The Matthew Fox drought is over

“Lost” fans finally got new glimpses of their fearless (and, apparently, utterly bonkers at some future date) leader, Jack Shephard, when the brain-teasing hit show began its fourth season at the end of January.

And in his new movie, “Vantage Point,” Fox’s Secret Service agent Kent Taylor can be seen trying to save an American president from a Spanish assassination plot again and again and again. The movie depicts the same shooting from eight different perspectives, revealing more information each time it rewinds.

Fox was raised on an isolated Wyoming ranch and loves living in Hawaii with his wife of 17 years and their two children, out of focal length from most paparazzi lenses. And though the 41-year-old actor isn’t one to seek attention, he doesn’t mind if his current ubiquity pleases many adoring fans.

Now, if we could only figure out what his characters are up to.

Let’s talk about your character in “Vantage Point.” Oh wait, we can’t.

It’s kinda tricky; I’m not used to that. We really wanted to find ways of foreshadowing stuff that audiences wouldn’t necessarily see the first time around, but after the realization they would go, “Oh. Yeah.” So we were playing with levels of it and trying to make something that was nuanced.

Shooting the same scenes over and over again must have been mind-numbing.

Filmmaking is a tedious process anyway. When you do it from eight different points of view, it’s almost eight times as tedious! But y’know, it’s interesting. When you do it that many times, you really start finding ways of making it fresh for you.

But in a film like this, it’s like a mosaic of all these pieces that you have to keep straight in your head. You’re trying to orchestrate how they all connect, and of course they’re all shot out of order. So keeping that string intact is very challenging.

Does the film really have something to say about current events or is it just a big, complicated chase?

That’s what’s so intense about it. Anybody in America who doesn’t know that our country is not really well-received around the globe right now is wearing some serious blinders. That’s the truth.
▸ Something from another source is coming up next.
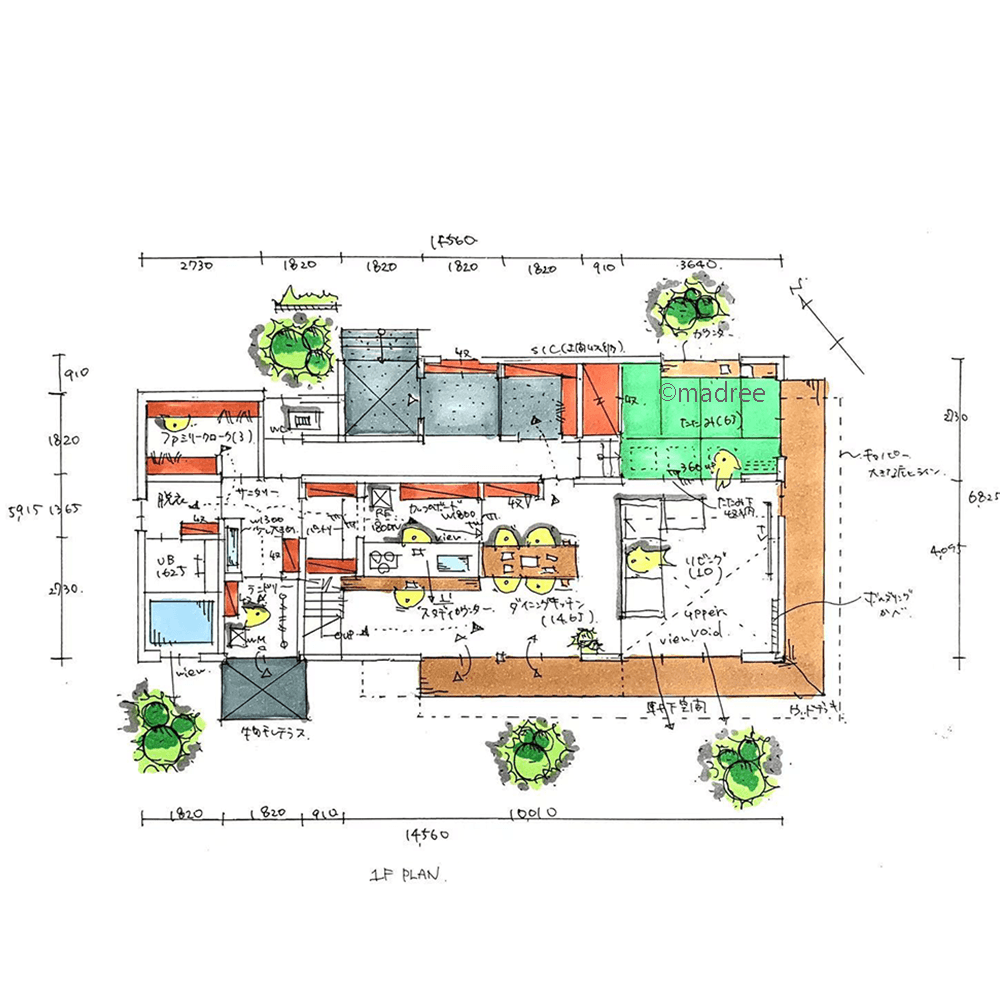 家族や友人と目線を合わせて会話楽しむ、カフェライクなダウンフロアキッチンの家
Our foreign policy and the way we’ve handled ourselves in some situations, we’re perceived as a bit of a bully.

But, for me, the political aspect of the movie is just a backdrop for an action thriller that’s talking about perspective, which I really think is the bigger element of the movie.

The world still loves some of our TV shows, “Lost” being an example.

I always believed in the show, from the moment I read the first script that J.J. Abrams and Damon Lindelof wrote. I really believed in the show being excellent, but that doesn’t necessarily translate into finding an audience. So what it’s done domestically - and more importantly, what it’s done globally - is incredible. I think the show deserves it, because it’s really very good and innovative. But its success is really rewarding.

The fourth season just started airing, and I’m more confused than I was for the last three years.

Last year ended with the juxtaposition of two images of Jack Shephard: Contacting the boat and feeling like he just got rescued, that he’s accomplished the one overriding thing that he had to do, which was shepherd these people off of this island; and a future, and we don’t know how far in the future it is, when he’s a suicidal drug addict yelling, “I have to go back!”

Season four will be about closing those two points in time.

We hear with the strike there will only be 13 episodes. Is that enough?

Well, Damon was planning to close those two lines of time in 16 episodes.

What’s your position on the upcoming Screen Actors Guild negotiations?

I support the guilds’ position. People are getting their content in very new ways, and I think the people who originate that content have to be compensated. It’s that simple. I mean, the original model of three networks that ran television shows and they just paid residuals when shows were rerun is long gone.

Now, a lot of people are going to iTunes and buying the episode and they digitally own it. So whoever wrote that episode should get something, it shouldn’t be pure money that goes to the studios. And for the actors as well; we’re the ones up there.

We’ve talked about the show’s success. What’s “Lost” done for you?

It’s been amazing for my career; the opportunities I’ve been getting from it have been incredible. And in my personal life, it’s been a very welcome change for myself and my wife and my kids, moving out of the South Bay to Oahu.

Were you worried that you wouldn’t get past your “Party of Five” image?

It was a successful show and people loved it. But I really felt it was important for me to get the Charlie Salinger thing away because, A) it tonally was not my cup of tea, I’m not really into that kind of melodrama; and B) I’d been in living rooms playing this role for five years, and if people thought Matthew Fox was Charlie Salinger, then I had to drop out, shave my head and go do theater for a year and a half.

Not that I keep track of these things, but haven’t you made a lot of sexiest something-or-other magazine lists?

There’s some of that, yeah. I don’t pay attention to it either.

Some people think “Speed Racer” might be the summer’s sexiest movie. What’s your role?

I’m playing Racer X, who is the masked vigilante. The audience is not sure whether he falls down on the side of good or the side of bad.

It’s directed by the Wachowski brothers (”The Matrix”). How cool will it look?

It’s going to be beautiful, man, I’m telling you. Like nothing you’ve ever seen; very, very new. The way it moves, the way it transitions, the things the Wachowski brothers are doing, the intimate focus - it’s going to be mind-blowing.